Antara tanggal 3 sampai tanggal 18 Desember 2007 yang lalu, saya benar-benar dikungkung penasaran, karena belum berhasil memperoleh buku 15 tahun Pos Kupang. Pada tanggal 19 Desember 2007 barulah saya berhasil memperoleh buku itu ketika saya mengunjungi Toko Buku Gramedia. Dan lantaran sangat penasaran, buku 15 tahun Pos Kupang yang baru dibeli itu, saya baca hingga tuntas pada tanggal 20 Desember 2007 malam. Ada banyak manfaat yang tersurat dan tersirat di dalam buku itu. Di samping itu, terdapat pula beberapa kekeliruan kecil yang perlu dikoreksi/diralat. Namun, ada bagian tertentu dari isi buku 15 tahun Pos Kupang yang membuat saya trenyuh, yaitu ketika saya membaca tulisan Maria Matildis Banda (selanjutnya dalam tulisan ini akan saya sapa, Maria MB) yang diberi judul, "Imajinasi dan Hasrat Seorang Jurnalis" (Catatan tentang Jurnalisme Sastra) (hlm.167-181), khususnya paparan di bawah sub judul 'Aspek Imajinasi dalam Jurnalisme Sastra' (hlm.174-177).

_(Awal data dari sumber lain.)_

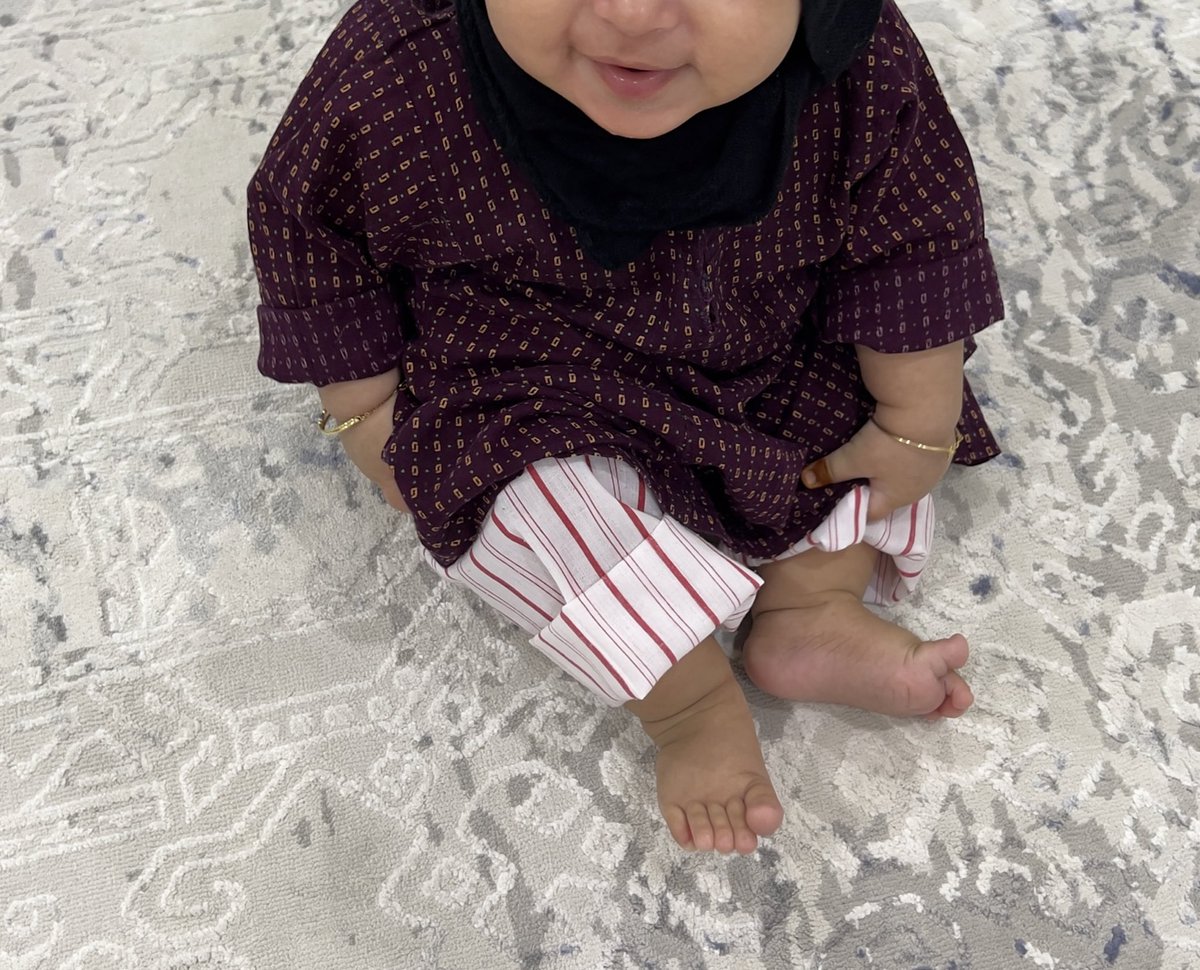 يغارُ مِن ثَغرِها الريحانُ إن ضحكت
فيَرسُم الوَرد بين الثَّغْرِ و المُقَلِ
عِقدٌ مِنَ اللؤلؤ المفتون يَحرُسُه
ثغرٌ مِن الشَّهدِ والنّعناع والعسلِ❤️‍🩹❤️‍🩹.
#مروَة_الحمّاد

Tulisan Maria MB ini benar-benar membuat saya trenyuh, karena Maria MB tidak memiliki pemahaman yang baik dan benar tentang 'imajinasi, fantasi, dan khayalan', sehingga untuk beberapa saat lamanya saya terpekur seraya bergumam, 'koq, bisa begitu, ya?!'
Imajinasi, fantasi, dan khayalan
Maria MB katakan: "Imajinasi bukan khayalan. Imajinasi berbeda dari fantasi. Fantasi sama dengan khayalan yang tidak nyata, tidak masuk akal, dibuat-buat, mimpi yang tak mungkin menjadi kenyataan. Fantasi adalah gambaran semu tentang sesuatu yang tidak bisa diubah menjadi kenyataan. Berfantasi sama dengan mengandai-andai yang hanya menimbulkan rasa lelah atau membawa si pengandai tenggelam dalam khayalan-khayalan hampa yang indah berbunga-bunga... Fantasi adalah daya yang menghasilkan khayalan, berkaitan dengan gambaran objek yang tidak mungkin dan memang tidak ada dalam kenyataan..." (hlm.174, 175, 176)..

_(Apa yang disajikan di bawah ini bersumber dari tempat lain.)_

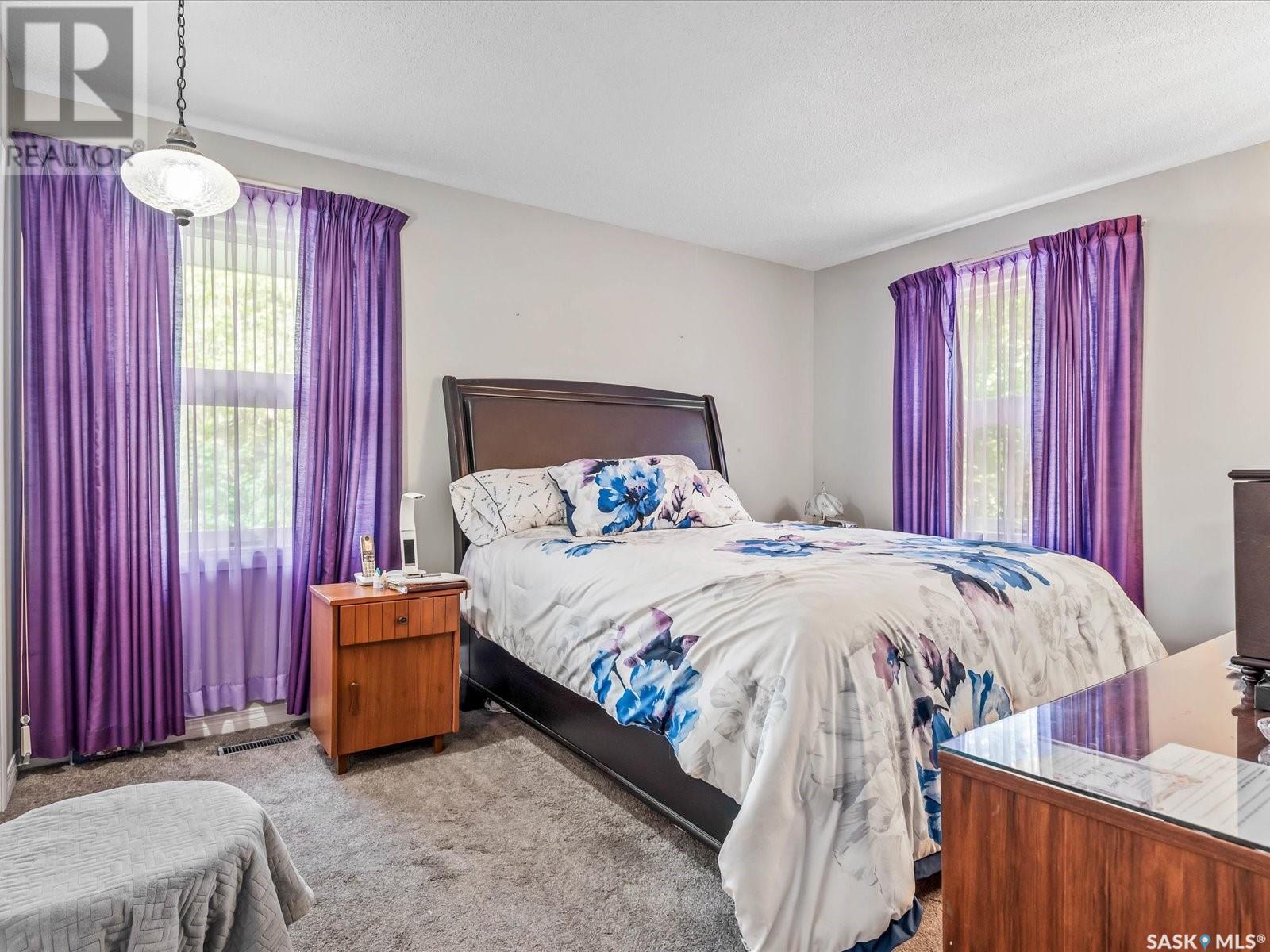 Photo 11 of 1617 6th Avenue N, Regina SK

Untuk menjelaskan secara singkat mengenai apa itu imajinasi, fantasi, khayal, saya ingin mengutip hasil penelitian dua orang sarjana Prancis, Roger Fretigny dan Andre Viler yang mengatakan begini: "Ada empat macam kesadaran manusia yaitu kesadaran imajinatif, kesadaran refleksif, kesadaran aktif, dan kesadaran kontemplatif. Fantasi memainkan peranan sentral dan menentukan dalam perkembangan psikis manusia. Dan fantasi adalah contoh pertama dari kesadaran imajinatif. TANPA FANTASI, MAKA DAYA PEMIKIRAN KITA YANG KERJA SECARA DISKURSIF AKAN MENJADI PINCANG DAN TERKURUNG DALAM SEBUAH SISTEM YANG TERTUTUP DAN BEKU. Tetapi dengan fantasi, hidup manusia seutuhnya akan bergerak menurut suatu ritme tertentu antara kenyataan dan harapan" (L'imagerie Mentale, 1968:21).
Berpegang pada hasil penelitian kedua sarjana Prancis sebagaimana dikutip di atas inilah, maka saya sangat terperanjat (!) ketika membaca pandangan Maria MB yang mengatakan bahwa "Fantasi sama dengan khayalan yang tidak nyata, tidak masuk akal, dibuat-buat, mimpi yang tak mungkin menjadi kenyataan. Fantasi adalah gambaran semu tentang sesuatu yang tidak bisa diubah menjadi kenyataan. Berfantasi sama dengan mengandai-andai yang hanya menimbulkan rasa lelah atau membawa si pengandai tenggelam dalam khayalan-khayalan hampa yang indah berbunga-bunga. Maaf, kalau saya berkata, "Rupanya Maria MB belum tahu banyak, atau sama sekali tidak tahu, bahwa fantasi (sebutan lain, khayal), adalah 'kegiatan daya roh' yang terhisab kepada 'kesadaran imajinatif'.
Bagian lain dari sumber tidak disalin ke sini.